C:\Users\mbellissimo\AppData\Local\Continuum\Anaconda\lib\site-packages\sklearn\preprocessing\data.py:158: DeprecationWarning: Implicitly casting between incompatible kinds. In a future numpy release, this will raise an error. Use casting="unsafe" if this is intentional.
Xr -= mean_1
C:\Users\mbellissimo\AppData\Local\Continuum\Anaconda\lib\site-packages\sklearn\preprocessing\data.py:160: DeprecationWarning: Implicitly casting between incompatible kinds. In a future numpy release, this will raise an error. Use casting="unsafe" if this is intentional.
Xr /= std_
C:\Users\mbellissimo\AppData\Local\Continuum\Anaconda\lib\site-packages\sklearn\preprocessing\data.py:169: UserWarning: Numerical issues were encountered when scaling the data and might not be solved. The standard deviation of the data is probably very close to 0.
warnings.warn("Numerical issues were encountered "
C:\Users\mbellissimo\AppData\Local\Continuum\Anaconda\lib\site-packages\sklearn\preprocessing\data.py:174: DeprecationWarning: Implicitly casting between incompatible kinds.

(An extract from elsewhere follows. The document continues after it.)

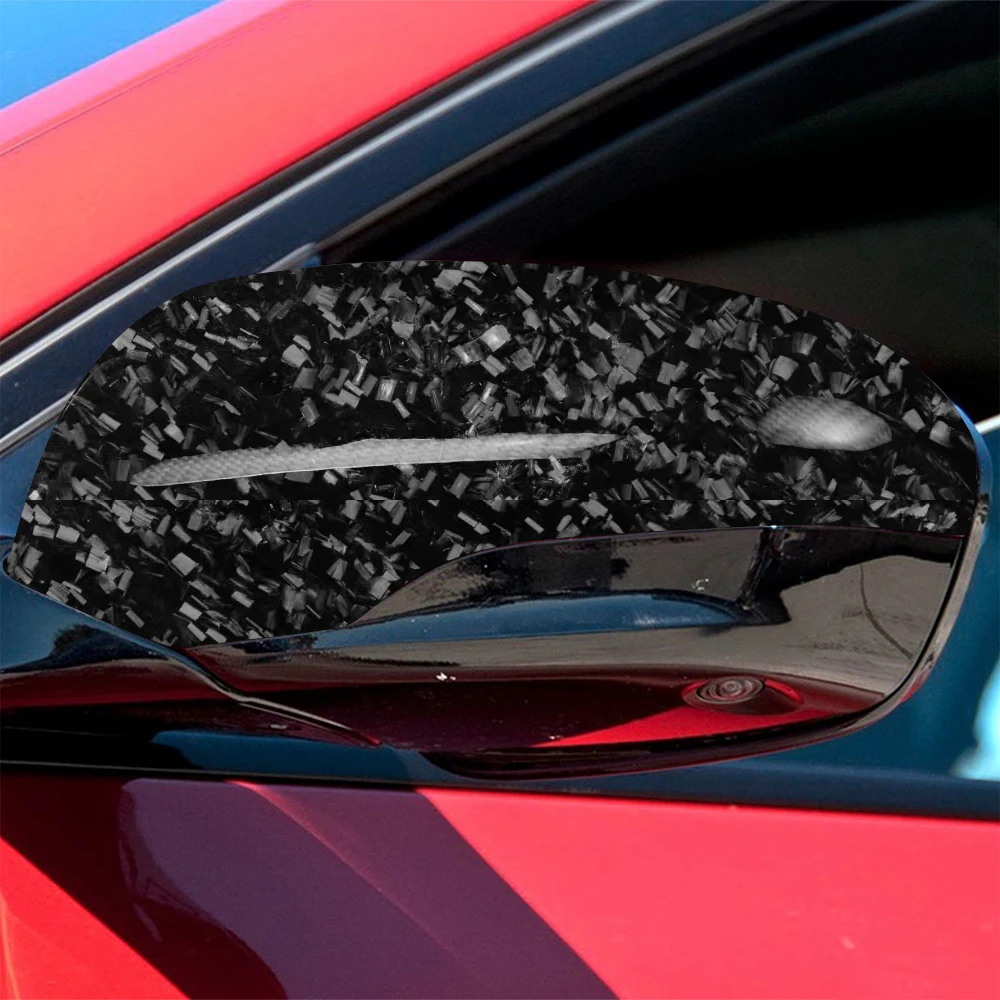 For BMW F10 M5 2012-2017 Car Accessories Modification Real Forged Carbon Fiber Rearview Mirror Housing Protective Cover Trim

In a future numpy release, this will raise an error. Use casting="unsafe" if this is intentional.
Xr -= mean_2
All the values in the CSV file are numbers. This is what the head looks like
TOOLS/TEST EQUIPMENT WIN PRODUCTIVITY/UTILITY \
HouseholdID
144748819 0 0
144764123 0 0
144765100 0 0
144765495 2 0
144765756 0 2
Can somebody please tell me why I am getting this warning and how I can fix it?
Upvotes: 1
Views: 6131
Reputation: 537
I figured it out. I had to convert my Dataframe into a numpy Matrix and then define the type as float.
numpyMatrix = df.as_matrix().astype(float)
scaled_data = preprocessing.scale(numpyMatrix)
Upvotes: 6